Task instructions: I would like the lines below, from the one with "Lovely Apartment M&K" through the one with "Vagabond Vivian pumps", copied exactly and without any pictures.

━━━━━ Supplied records ━━━━━

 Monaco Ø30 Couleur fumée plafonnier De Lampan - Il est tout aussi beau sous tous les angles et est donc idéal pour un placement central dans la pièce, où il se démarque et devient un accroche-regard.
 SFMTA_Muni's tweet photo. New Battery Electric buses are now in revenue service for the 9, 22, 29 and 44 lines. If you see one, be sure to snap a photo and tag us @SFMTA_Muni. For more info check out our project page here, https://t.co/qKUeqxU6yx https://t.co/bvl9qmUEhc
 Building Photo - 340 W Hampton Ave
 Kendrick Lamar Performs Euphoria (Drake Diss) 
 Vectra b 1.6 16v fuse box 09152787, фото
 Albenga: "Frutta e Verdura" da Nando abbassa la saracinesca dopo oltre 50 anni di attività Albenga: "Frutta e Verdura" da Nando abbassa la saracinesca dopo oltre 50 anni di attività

━━━━━
━━━━━ Supplied records ━━━━━

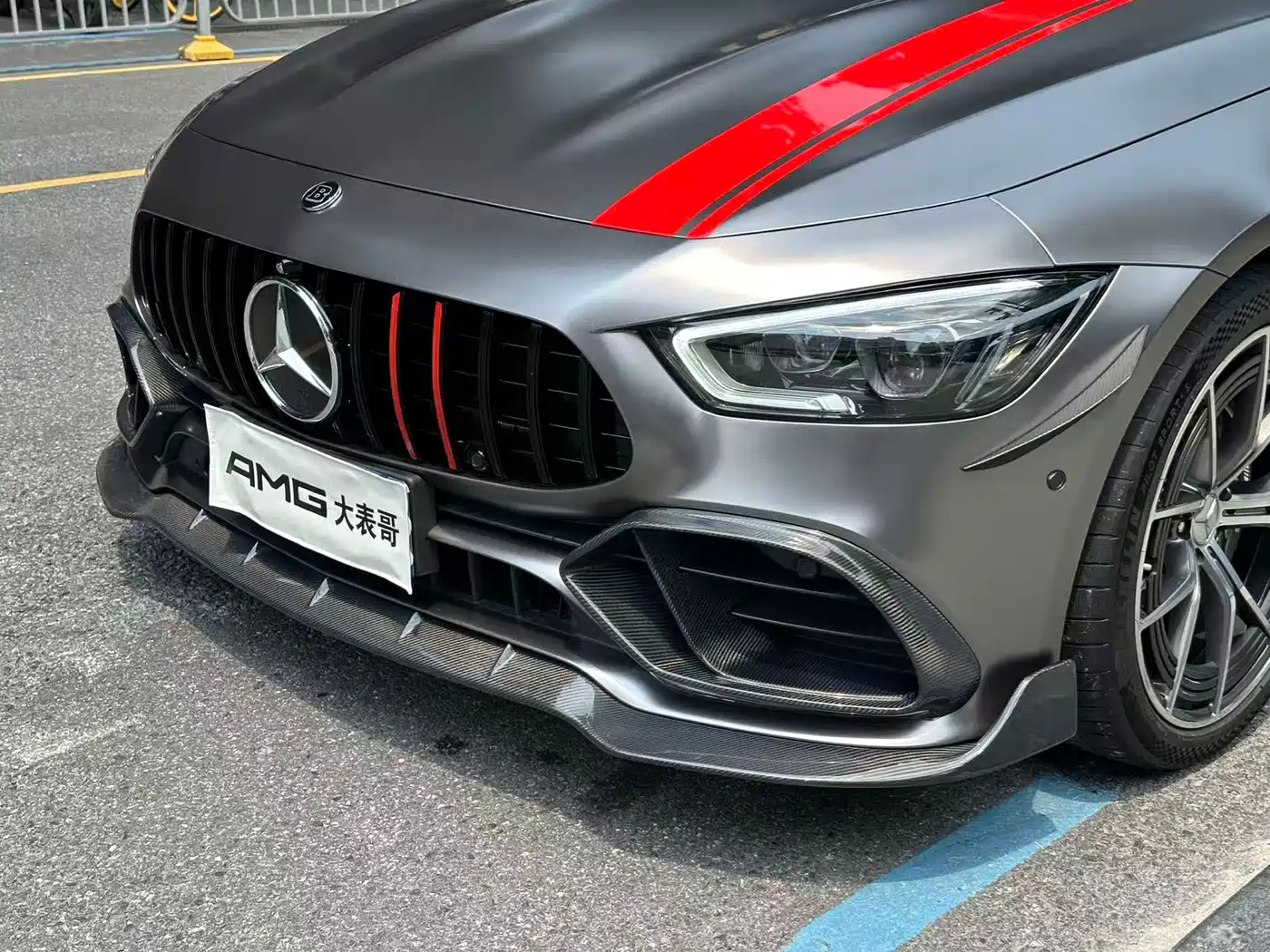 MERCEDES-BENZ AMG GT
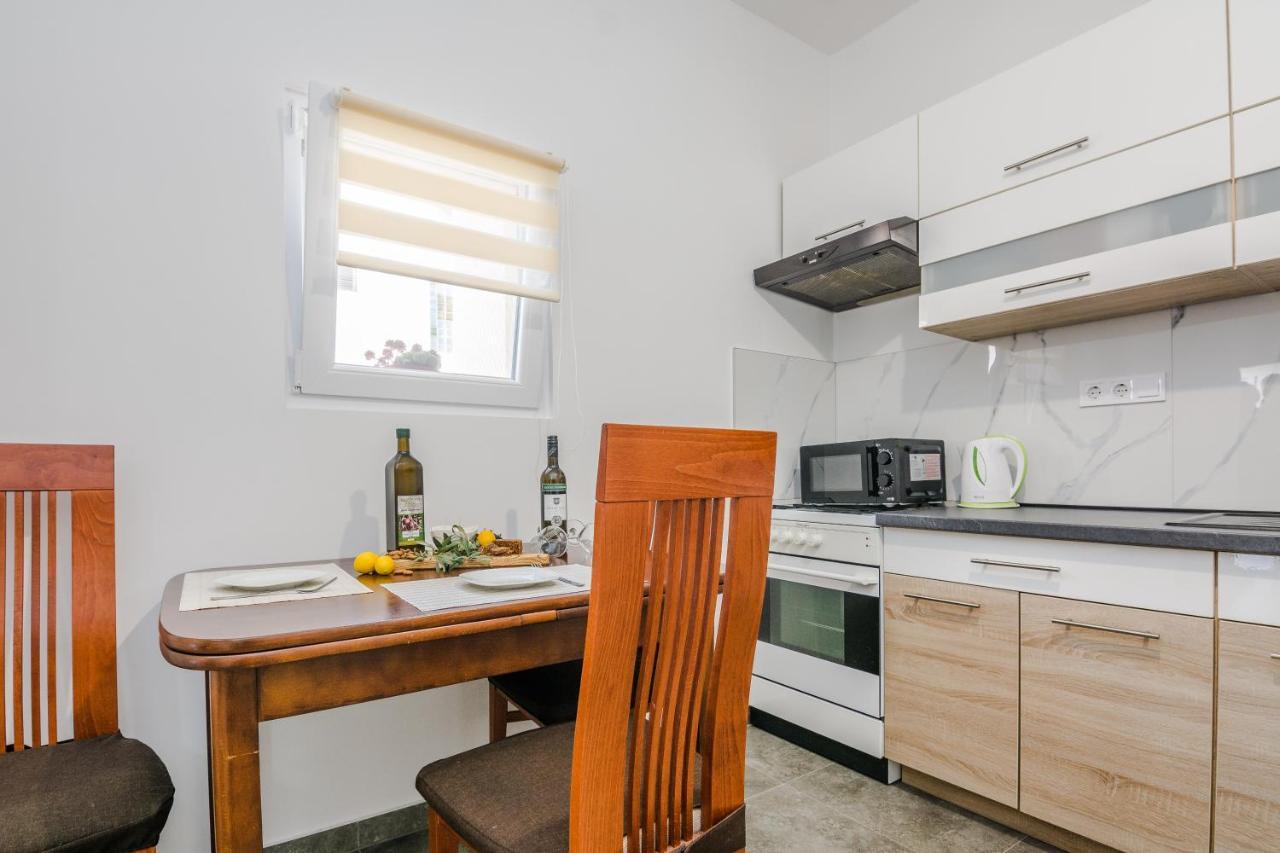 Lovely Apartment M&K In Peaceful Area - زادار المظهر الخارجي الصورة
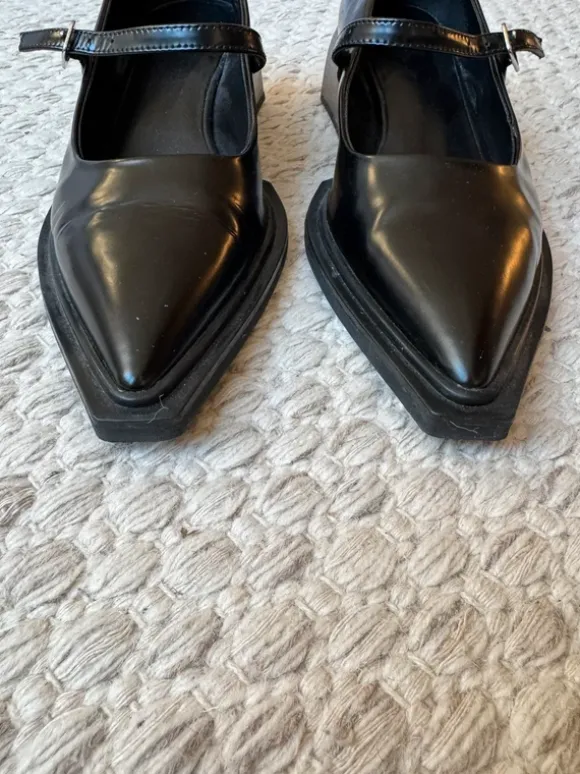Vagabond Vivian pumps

━━━━━

Output below:
 Lovely Apartment M&K In Peaceful Area - زادار المظهر الخارجي الصورة
Vagabond Vivian pumps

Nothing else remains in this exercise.